A etapa seguinte envolveu a difícil tarefa de comunicar os fatos aos três filhos do casal, David, Caroline e Florian. Gisèle considera que realizar esses telefonemas foi uma das experiências mais árduas de sua existência, dado o impacto que a revelação teria sobre a estrutura familiar. A reação dos filhos foi de choque imediato e sofrimento intenso ao saberem das ações do pai. Ao recordar o momento em que contou a verdade à filha, a autora descreveu a angústia ouvida do outro lado da linha: “Ouvi minha filha gritar. Era quase desumano, aquele grito.” A família, então, iniciou um processo de distanciamento total da figura paterna, descartando pertences e tentando apagar os vestígios de sua presença na casa.
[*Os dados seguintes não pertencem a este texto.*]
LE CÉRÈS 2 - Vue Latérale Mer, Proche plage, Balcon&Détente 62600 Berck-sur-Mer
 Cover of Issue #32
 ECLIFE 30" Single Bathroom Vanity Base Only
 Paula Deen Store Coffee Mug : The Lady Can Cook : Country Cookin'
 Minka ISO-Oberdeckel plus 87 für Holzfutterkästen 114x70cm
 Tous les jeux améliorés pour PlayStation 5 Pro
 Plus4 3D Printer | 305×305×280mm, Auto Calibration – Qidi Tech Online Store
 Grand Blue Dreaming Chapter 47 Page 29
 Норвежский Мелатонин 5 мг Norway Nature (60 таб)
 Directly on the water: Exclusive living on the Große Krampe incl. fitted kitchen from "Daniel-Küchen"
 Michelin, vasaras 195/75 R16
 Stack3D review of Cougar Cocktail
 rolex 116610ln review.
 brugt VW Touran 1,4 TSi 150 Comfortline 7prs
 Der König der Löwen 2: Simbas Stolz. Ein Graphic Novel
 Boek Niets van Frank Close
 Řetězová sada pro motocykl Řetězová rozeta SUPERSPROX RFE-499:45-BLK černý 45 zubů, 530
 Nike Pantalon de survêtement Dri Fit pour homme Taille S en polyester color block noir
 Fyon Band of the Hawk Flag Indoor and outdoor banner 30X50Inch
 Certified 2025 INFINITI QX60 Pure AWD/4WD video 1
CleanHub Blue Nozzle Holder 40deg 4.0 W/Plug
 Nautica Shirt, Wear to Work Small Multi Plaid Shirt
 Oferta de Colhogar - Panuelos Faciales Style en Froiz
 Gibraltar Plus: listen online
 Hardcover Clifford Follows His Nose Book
Impacto familiar e reconstrução da vida
Apesar do trauma vivenciado e das questões de saúde decorrentes da administração prolongada de medicamentos de controle especial e relaxantes musculares, Gisèle busca retomar sua autonomia. Durante os exames médicos que realizava antes da descoberta, o ex-marido sempre a acompanhava, mantendo a farsa de um companheiro dedicado enquanto ocultava a origem dos sintomas neurológicos e ginecológicos que ela apresentava. Refletindo sobre a dualidade do homem com quem conviveu, ela desabafou: “Era inconcebível que aquele homem com quem compartilhei minha vida pudesse ter cometido aqueles horrores”. Agora, focada no lançamento de suas memórias e na reconstrução pessoal, ela compartilha sua história como forma de processar o passado e sinalizar que é possível encontrar novos caminhos após sobreviver a tamanha violência.